-- Opening Marker --
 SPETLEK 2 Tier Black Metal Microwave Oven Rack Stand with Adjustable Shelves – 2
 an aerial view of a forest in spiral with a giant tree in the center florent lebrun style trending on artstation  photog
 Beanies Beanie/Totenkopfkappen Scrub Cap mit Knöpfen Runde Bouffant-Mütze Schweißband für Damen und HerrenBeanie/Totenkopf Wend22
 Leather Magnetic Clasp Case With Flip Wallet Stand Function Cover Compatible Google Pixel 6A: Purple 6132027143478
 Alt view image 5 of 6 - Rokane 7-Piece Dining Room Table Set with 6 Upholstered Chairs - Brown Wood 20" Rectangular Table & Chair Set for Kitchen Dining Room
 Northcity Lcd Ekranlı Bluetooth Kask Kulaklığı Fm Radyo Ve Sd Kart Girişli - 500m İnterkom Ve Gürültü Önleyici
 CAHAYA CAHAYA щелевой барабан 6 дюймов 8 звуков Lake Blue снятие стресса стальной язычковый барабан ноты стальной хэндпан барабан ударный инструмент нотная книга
-- Closing Marker --
▶ EXERCISE AIM
Copy the data once more. Leave nothing out.

▶ COMPLETED TASK
 SPETLEK 2 Tier Black Metal Microwave Oven Rack Stand with Adjustable Shelves – 2
 an aerial view of a forest in spiral with a giant tree in the center florent lebrun style trending on artstation  photog
 Beanies Beanie/Totenkopfkappen Scrub Cap mit Knöpfen Runde Bouffant-Mütze Schweißband für Damen und HerrenBeanie/Totenkopf Wend22
 Leather Magnetic Clasp Case With Flip Wallet Stand Function Cover Compatible Google Pixel 6A: Purple 6132027143478
 Alt view image 5 of 6 - Rokane 7-Piece Dining Room Table Set with 6 Upholstered Chairs - Brown Wood 20" Rectangular Table & Chair Set for Kitchen Dining Room
 Northcity Lcd Ekranlı Bluetooth Kask Kulaklığı Fm Radyo Ve Sd Kart Girişli - 500m İnterkom Ve Gürültü Önleyici
 CAHAYA CAHAYA щелевой барабан 6 дюймов 8 звуков Lake Blue снятие стресса стальной язычковый барабан ноты стальной хэндпан барабан ударный инструмент нотная книга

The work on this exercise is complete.